Thursday, June 17, 2010

Tales from the PRON Store, Part III

As a prelude to my upcoming Pornographic Midnight Snack cinema critique series, I offer this episode of Tales from the PRON Store that deals with the topic of Hypocrisy.

A man walks into the store today and announces to me (a captive audience of ONE, by the way) that places like this (meaning the PRON store) make him sick.
"Why?" I ask him, feigning interest.

He says, "Because people who are addicted to PRON make me sick." Without skipping a beat, he then asks me if he can use the restroom.
"Are you sure it's clean enough?" I said with a grin meant to imply sarcasm.
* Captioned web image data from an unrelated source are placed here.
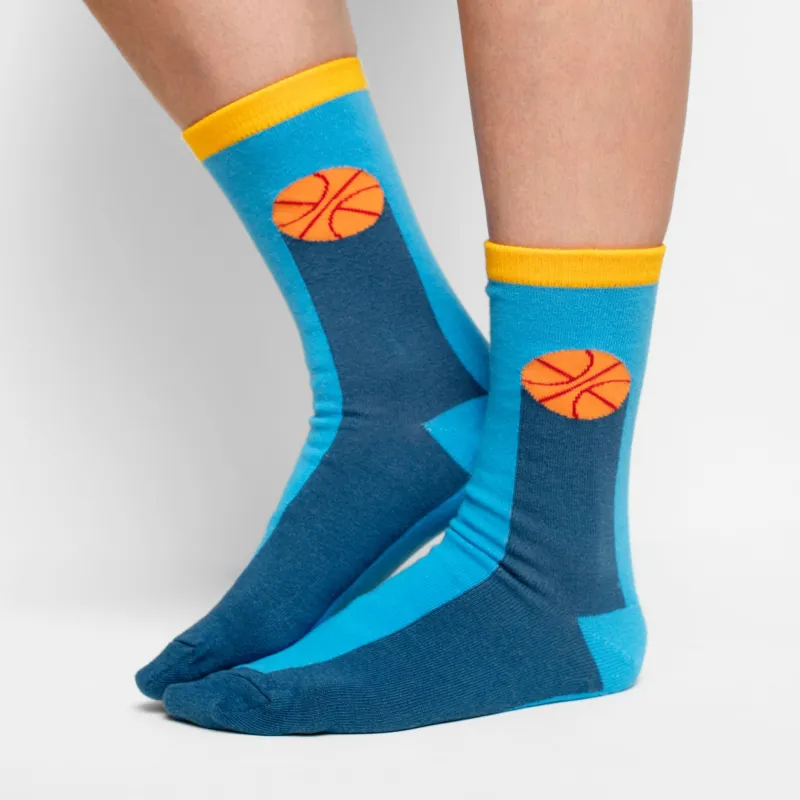 Basketball Crew Socks made by Modcloth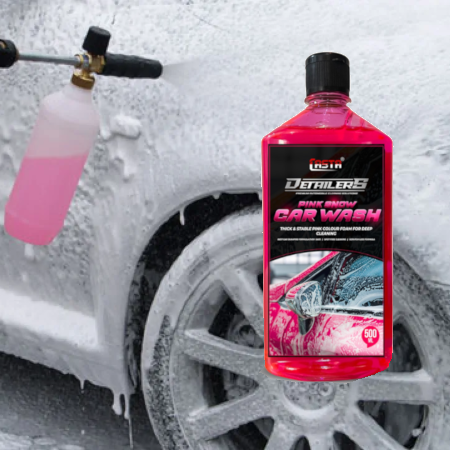 Casta Detailer Pink Snow Car Wash 500ml - Image 2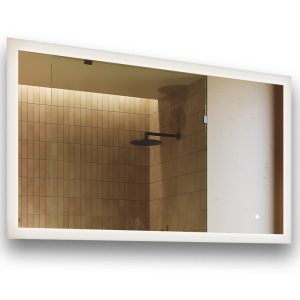 Lustro prostokatne LED 120×70 z dotykowym włącznikiem i dual led 542568 Lustro prostokatne LED 120×70 z dotykowym włącznikiem i dual led 542568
He grinned back and started doing the Pee-Pee dance, indicating it was an emergency. I gave him the key, stating that I shouldn't because our restroom is for paying customers, only. He assured me that he would buy something, and I assured him he better damn well buy something.

After tinkling, he starts lecturing again about how he usually stays away from places that sell PRON because he can get addicted to it. This is when I asked the Rev if he was done preaching and would buy something. (Obviously, I have no sympathy for his pending addiction). After all that, this dickless hypocrite proceeded to buy the following items...

Not one, but two inflatable sheep blow up love dolls, a bondage kit for beginners, fuzzy handcuffs, a riding crop and a leather mask (the kind you see in fetish videos). The final tally was $156.78, a portion of which goes to my commission, and no, I don't feel guilty, contributing to his addiction. Hey, it's not like I sold him drugs or alcohol.

But I do hope he overdoses and dies while handcuffed to an inflatable sheep, wearing a leather fetish mask.

Guardian of the Universe Gamera says, "You should have burnt him with your fire breath and toppled him like a Tokyo high-rise."